— Э… э, — выхватывая изо рта самокрутку, всполошился бухгалтер Карп Павлович Тяпочкин. — Карандашом-то куда вы — это же чек.
Наедине их долго не оставляли: один за другим шли люди, и Трошин с каждым вступал в разговор. Это начинало сердить Верхорубова — он нервно играл пальцами по старому сукну на столе. Когда остались вдвоем, Верхорубов, перед тем как начать серьезный разговор, взялся протирать свои глаза душистым платочком. А Трошин схватил было телефонную трубку, хотел еще между делом позвонить в МТС, но гостю такое невнимание не понравилось. Повелительно одернул:
— Хватит, товарищ Трошин, говорильней заниматься.

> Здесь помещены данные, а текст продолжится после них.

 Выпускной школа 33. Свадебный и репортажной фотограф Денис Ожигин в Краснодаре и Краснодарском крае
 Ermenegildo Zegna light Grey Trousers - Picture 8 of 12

— Слушаю вас, Иван Иваныч…
— Вчера состоялось заседание исполкома райсовета и отмечалось, что в районе с хлебозаготовками — из рук вон плохо. И особенно недопустимо отстаете вы, «Яровой колос». Вот перед нами, так сказать, вещественное доказательство: сводка из «Всходов коммуны». Всего тринадцать мест. Вы на девятом. Шестьдесят три процента. И это в такие дни, товарищ Трошин, когда целые республики рапортуют о выполнении своих обязательств. Не планов, а обязательств, обратите внимание. Так вот, мне поручено не уезжать из вашего колхоза, пока вы не завершите свой план по хлебу. Видите, до чего вы дожили, товарищ Трошин, без помощи председателя исполкома шагу не можете сделать.

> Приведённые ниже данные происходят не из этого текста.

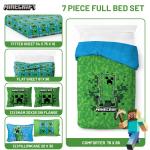 Kids Comforter Set Includes Sheets and Pillow Covers - Soft and Cozy Bed Set ...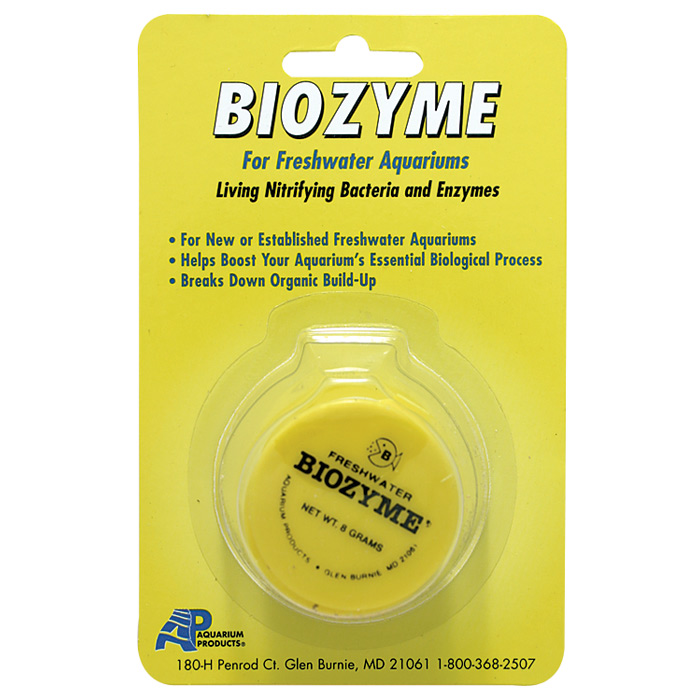 Biozyme for Freshwater - .28 oz.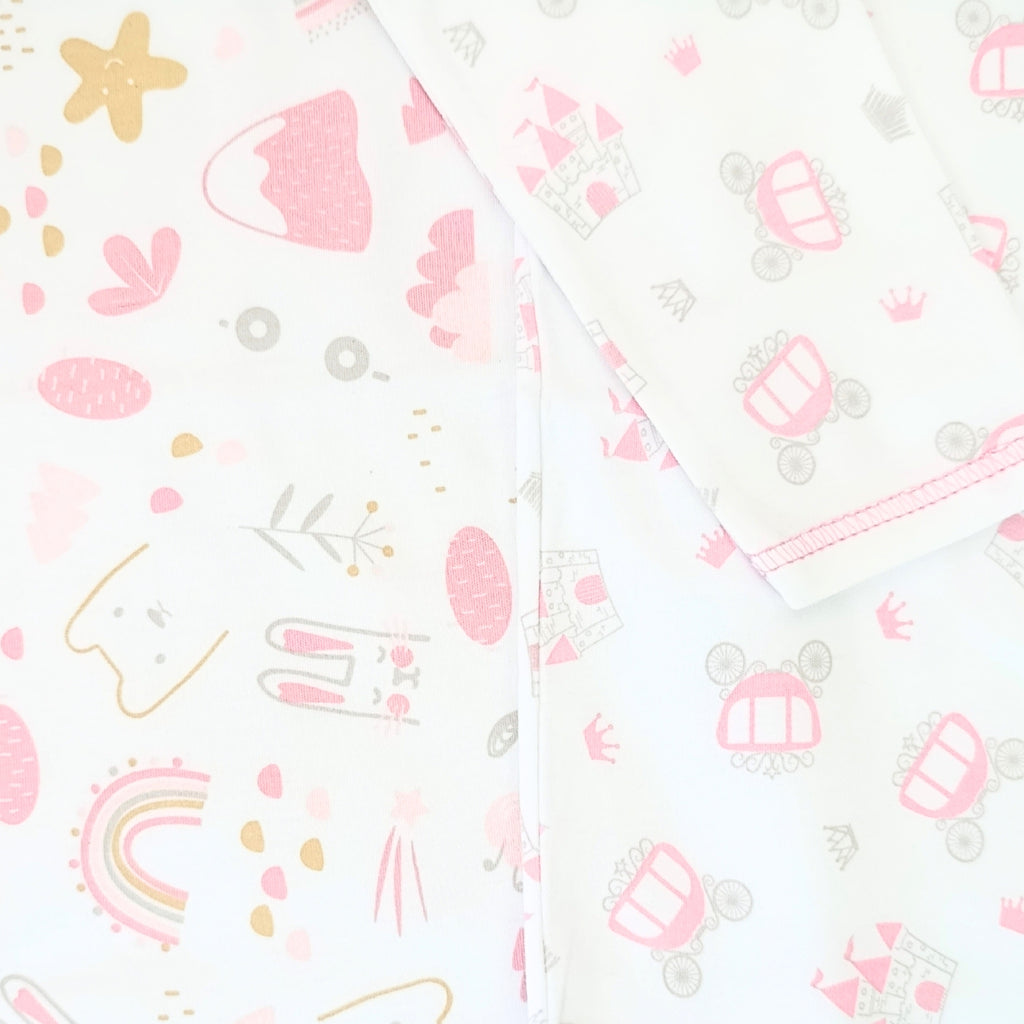 Pack de 2 Bodys de Bebé Manga Larga - P8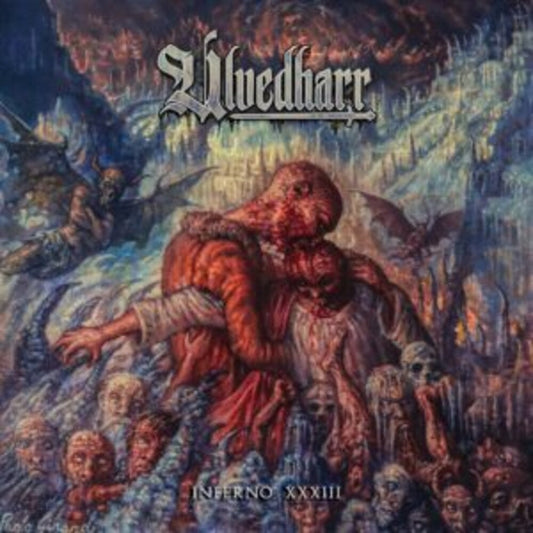 Inferno Xxxiii [LP]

— Спасибо за помощь, Иван Иванович.
— Благодарить рано, товарищ Трошин. — Верхорубов зябко, шурша сухой кожей, потер руки и спросил: — Где, по-вашему, товарищ Трошин, сейчас в хозяйстве самое узкое место?
— Наверху, Иван Иванович.
— Где наверху? — не понял Верхорубов. — А-а-а. Ну, знаете, товарищ Трошин, такие шуточки совсем не к месту. Погода погодой. У нас, к сожалению, пока еще нет мастерских по ремонту погоды. Так что давайте дожди и все такое оставим в покое. Почему хлеб прекратили сдавать, я спрашиваю?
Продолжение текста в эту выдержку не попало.